● **Task details**
What's wanted here is the full listing below, repeated exactly, with no images in it.

● **Provided data**
* * * * * * * * *
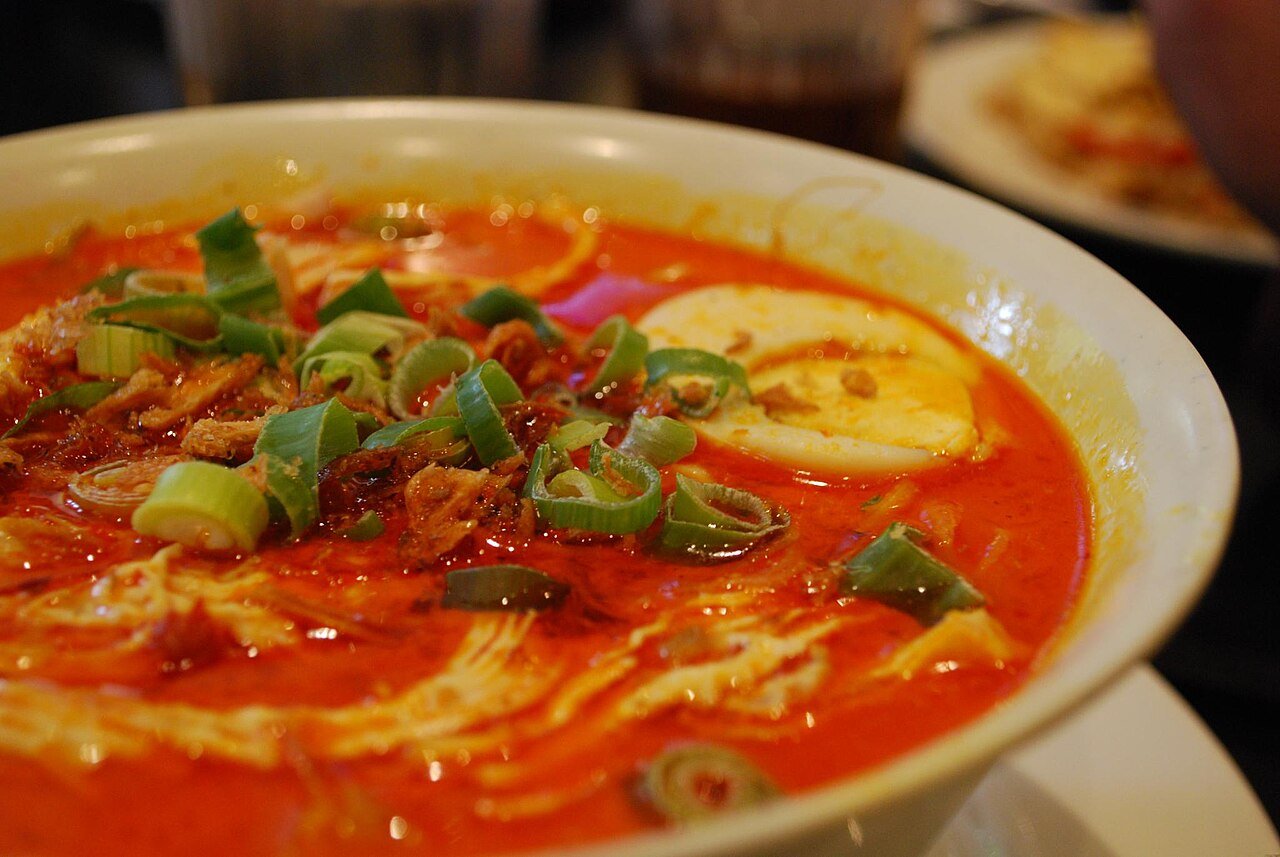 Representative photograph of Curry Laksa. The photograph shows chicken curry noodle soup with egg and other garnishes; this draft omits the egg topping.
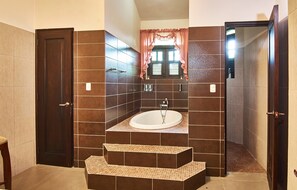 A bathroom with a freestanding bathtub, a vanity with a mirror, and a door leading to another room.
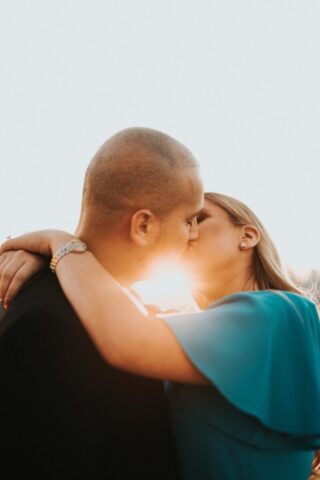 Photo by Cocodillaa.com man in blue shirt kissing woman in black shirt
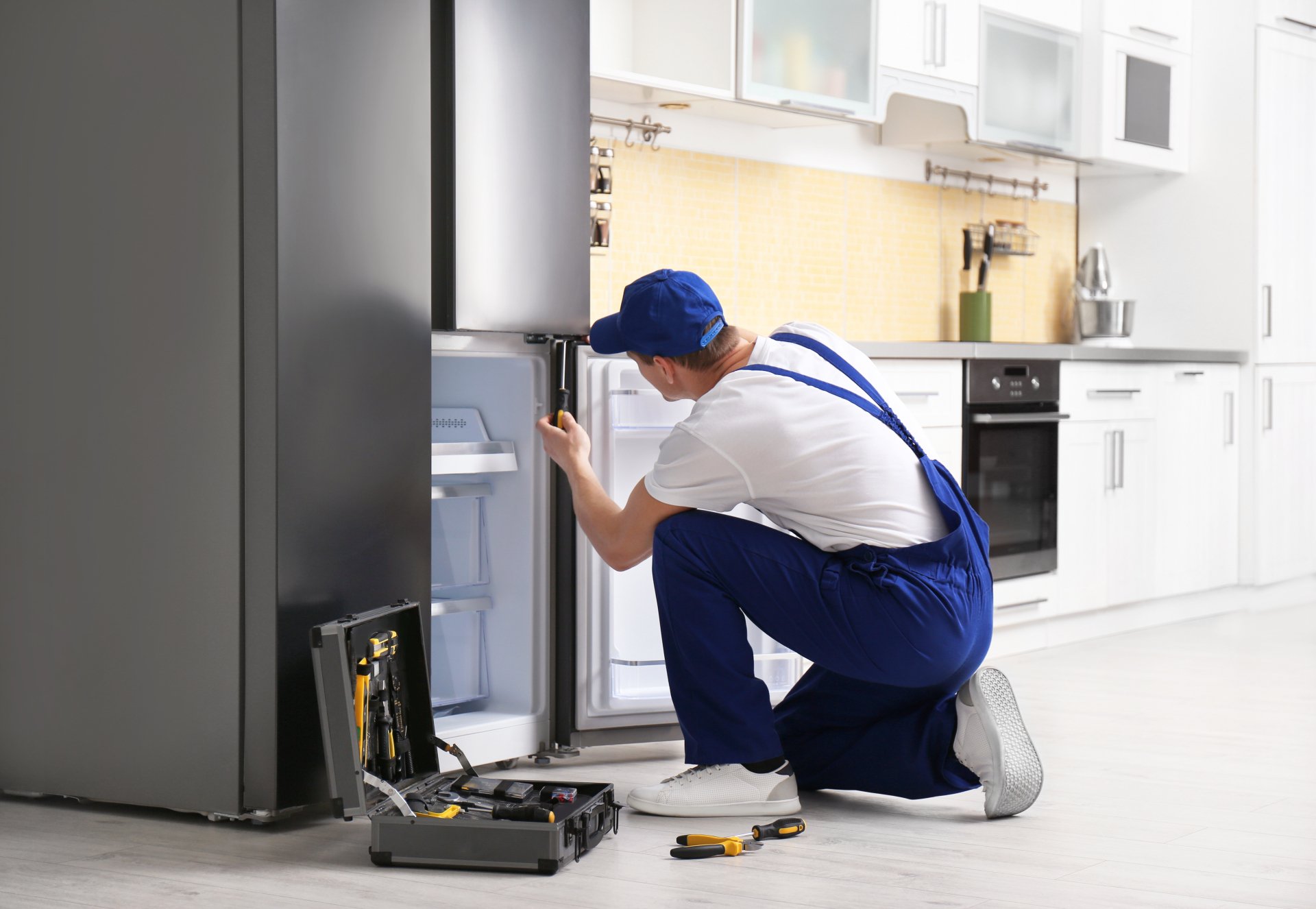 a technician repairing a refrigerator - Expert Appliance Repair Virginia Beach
* * * * * * * * *
● **Your solution**
 Representative photograph of Curry Laksa. The photograph shows chicken curry noodle soup with egg and other garnishes; this draft omits the egg topping.
 A bathroom with a freestanding bathtub, a vanity with a mirror, and a door leading to another room.
 Photo by Cocodillaa.com man in blue shirt kissing woman in black shirt
 a technician repairing a refrigerator - Expert Appliance Repair Virginia Beach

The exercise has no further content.